Please return every line of the material verbatim and skip any images.

*** Opening STORED DATA ***

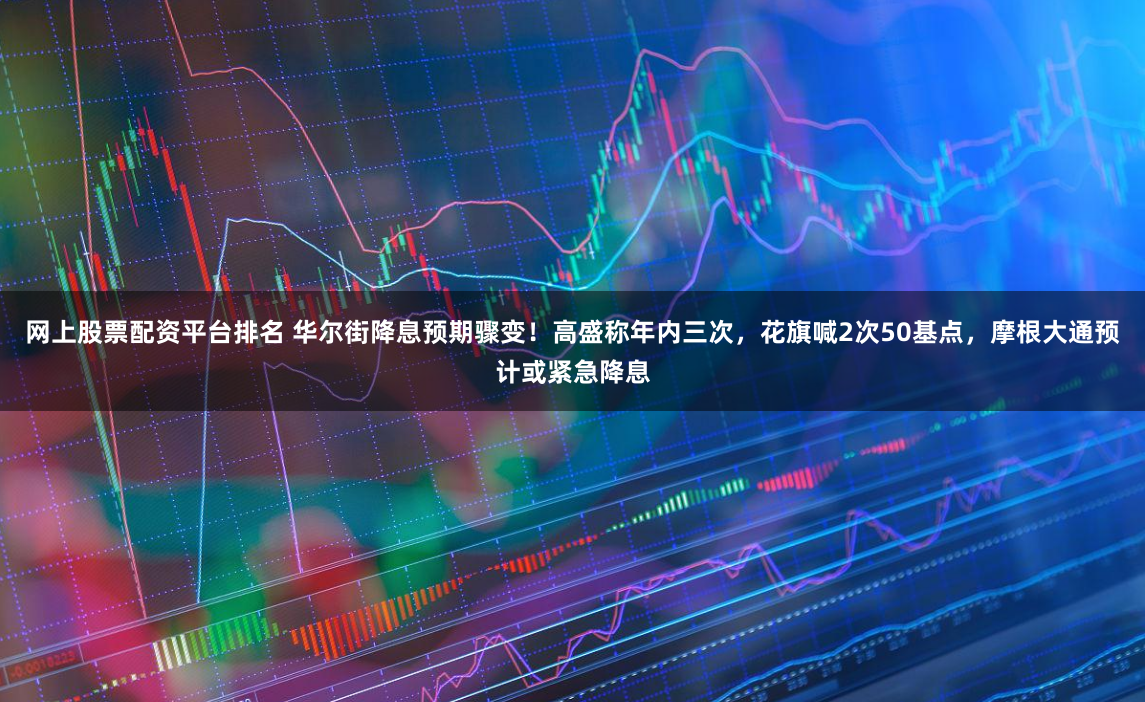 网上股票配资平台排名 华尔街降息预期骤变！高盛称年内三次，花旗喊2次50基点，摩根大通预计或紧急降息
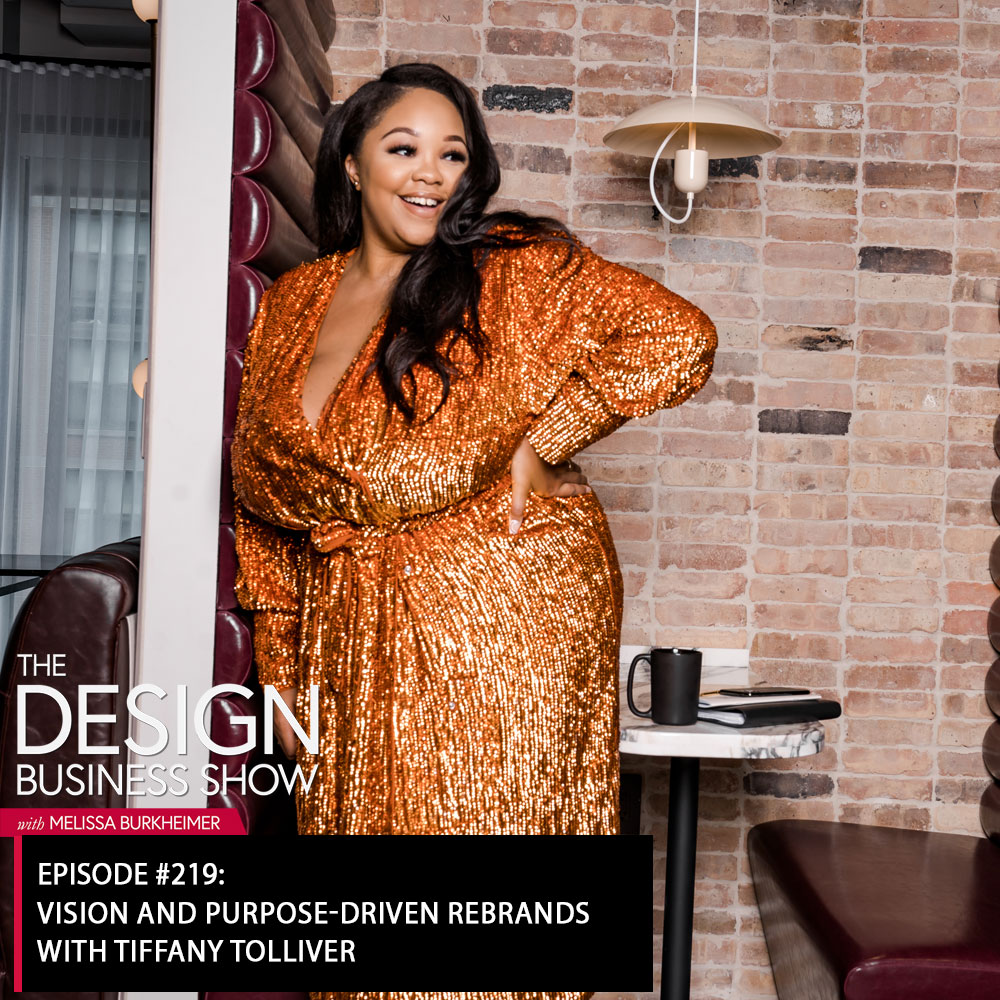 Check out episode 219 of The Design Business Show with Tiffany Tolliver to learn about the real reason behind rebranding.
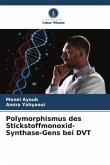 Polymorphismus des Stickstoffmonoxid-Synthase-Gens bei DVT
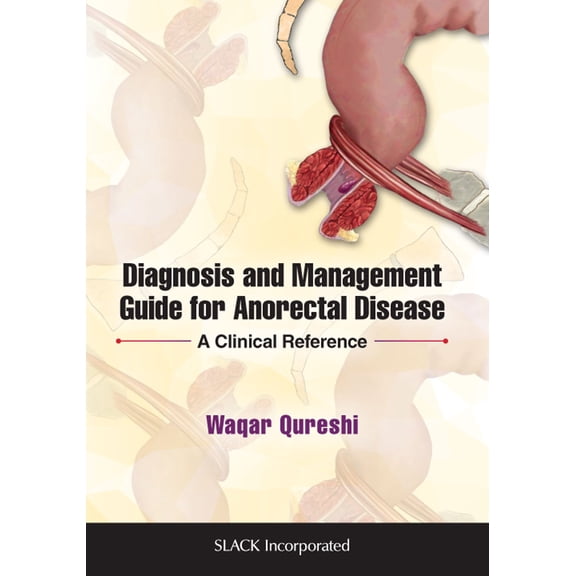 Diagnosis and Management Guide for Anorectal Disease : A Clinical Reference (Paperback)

*** Closing STORED DATA ***

SOLUTION FOR THIS TASK -
 网上股票配资平台排名 华尔街降息预期骤变！高盛称年内三次，花旗喊2次50基点，摩根大通预计或紧急降息
 Check out episode 219 of The Design Business Show with Tiffany Tolliver to learn about the real reason behind rebranding.
 Polymorphismus des Stickstoffmonoxid-Synthase-Gens bei DVT
 Diagnosis and Management Guide for Anorectal Disease : A Clinical Reference (Paperback)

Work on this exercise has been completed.